EXERCISE PROMPT – Begin at the line below that holds "إنقاذ طفل حديث" and end at the line that holds "Red floral printed", transcribing each line exactly and skipping any picture.

EXERCISE INPUTS –
***

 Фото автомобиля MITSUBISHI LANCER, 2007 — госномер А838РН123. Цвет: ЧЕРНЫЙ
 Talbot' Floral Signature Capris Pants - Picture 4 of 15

***

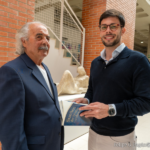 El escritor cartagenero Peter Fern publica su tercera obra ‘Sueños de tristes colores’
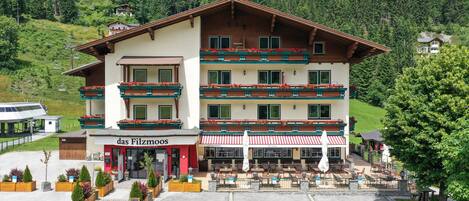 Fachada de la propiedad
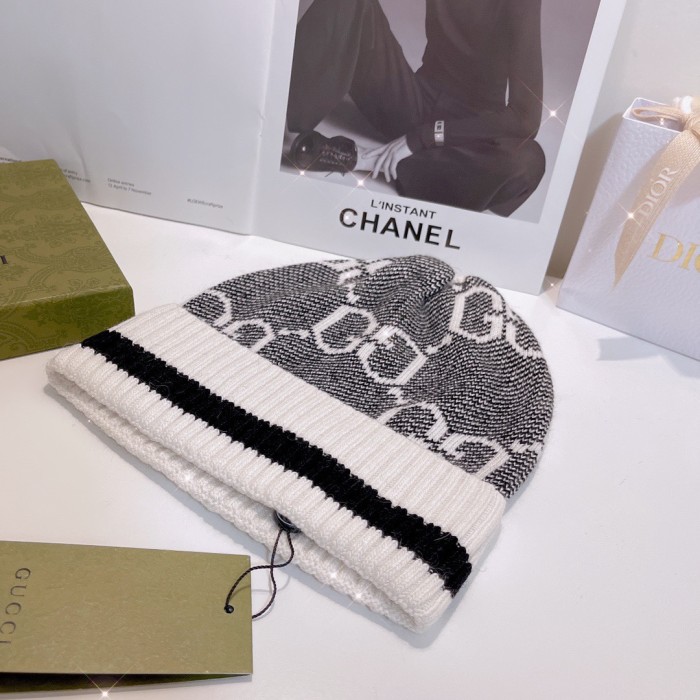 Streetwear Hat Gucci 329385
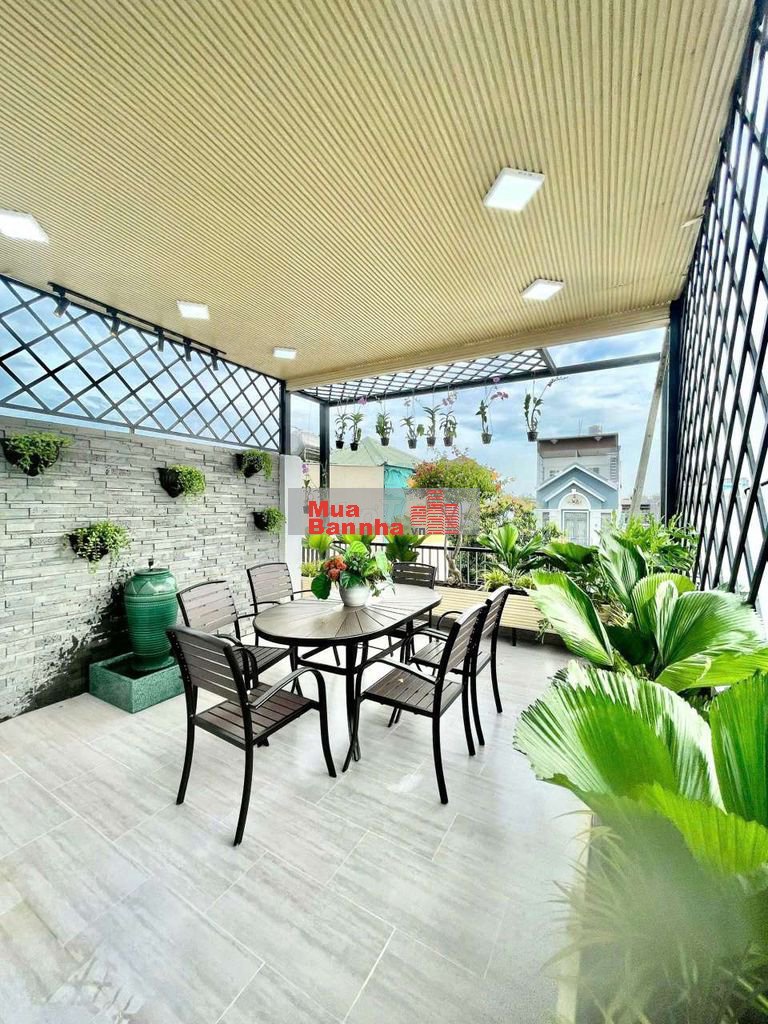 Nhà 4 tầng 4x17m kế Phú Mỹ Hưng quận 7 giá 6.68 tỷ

***

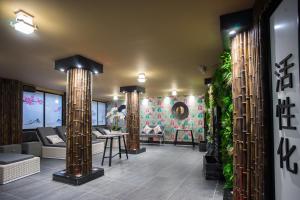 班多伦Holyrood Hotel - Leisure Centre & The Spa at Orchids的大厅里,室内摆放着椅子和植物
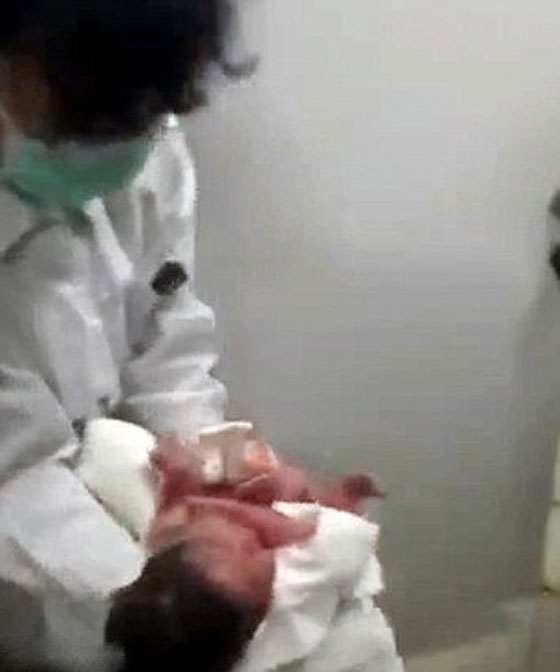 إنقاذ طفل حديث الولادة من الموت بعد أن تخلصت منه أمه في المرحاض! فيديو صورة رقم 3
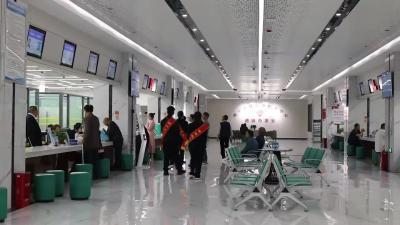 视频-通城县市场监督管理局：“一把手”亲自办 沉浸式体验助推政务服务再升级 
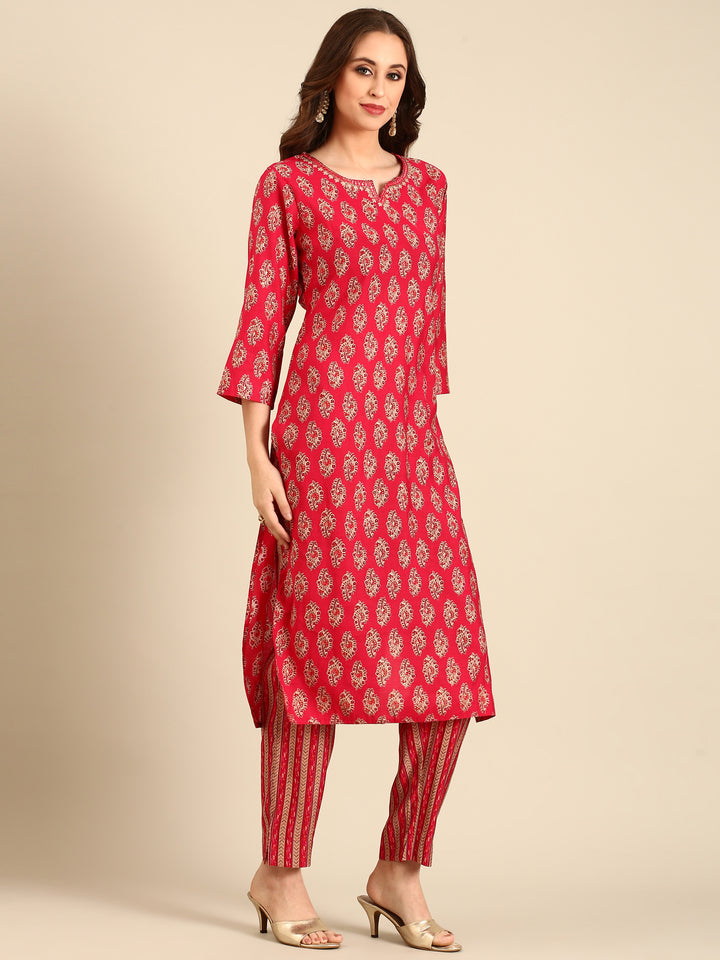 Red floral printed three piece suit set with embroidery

***

TASK ANSWER –
 إنقاذ طفل حديث الولادة من الموت بعد أن تخلصت منه أمه في المرحاض! فيديو صورة رقم 3
 视频-通城县市场监督管理局：“一把手”亲自办 沉浸式体验助推政务服务再升级 
 Red floral printed three piece suit set with embroidery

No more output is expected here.